_Work instructions:_ Print the whole listing again exactly, keeping no pictures in it.

[Available data — start]

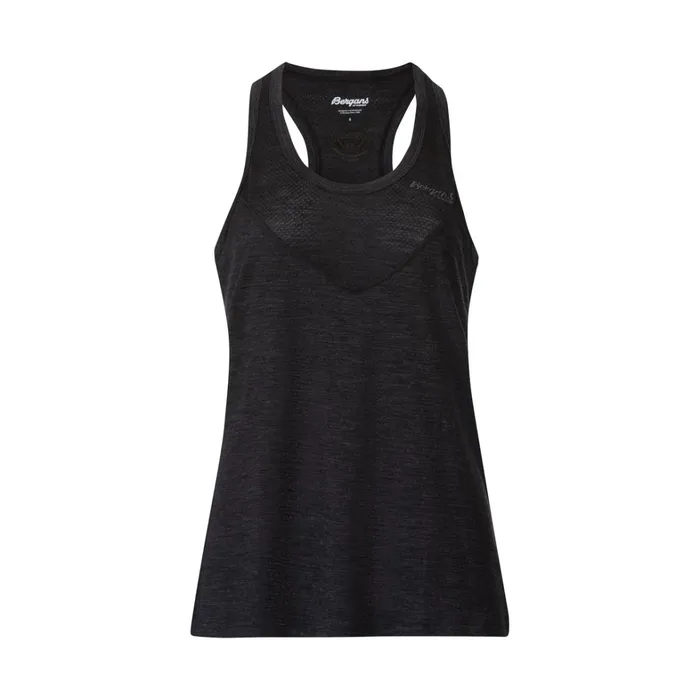 Bergans Of Norway Wool TShirts And Tops InnerLight W Singlet Solid Charcoal 8211 Women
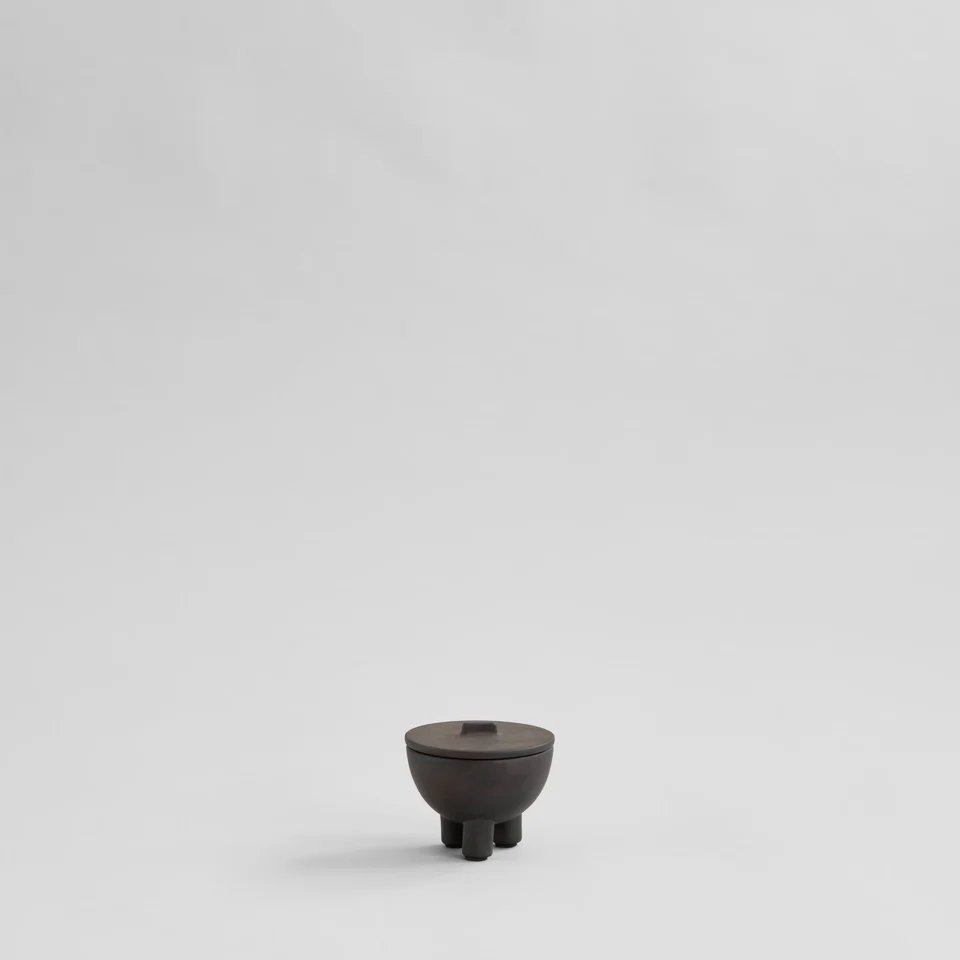 鴨碗(附蓋),迷你 - 咖啡色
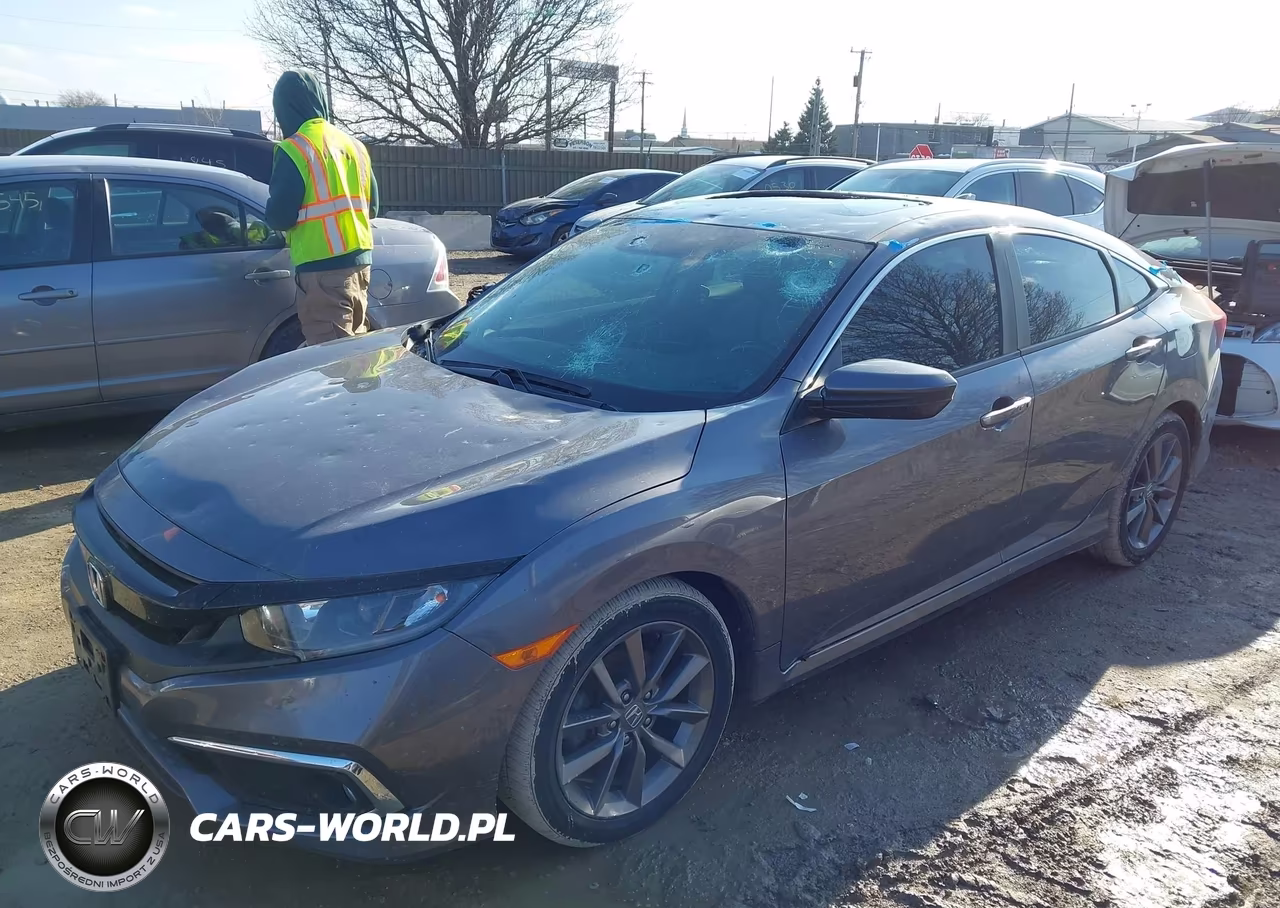 2020 Honda Civic Ex VIN:19XFC1F39LE024527 - 2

[Available data — finish]

_Reply:_
 Bergans Of Norway Wool TShirts And Tops InnerLight W Singlet Solid Charcoal 8211 Women
 鴨碗(附蓋),迷你 - 咖啡色
 2020 Honda Civic Ex VIN:19XFC1F39LE024527 - 2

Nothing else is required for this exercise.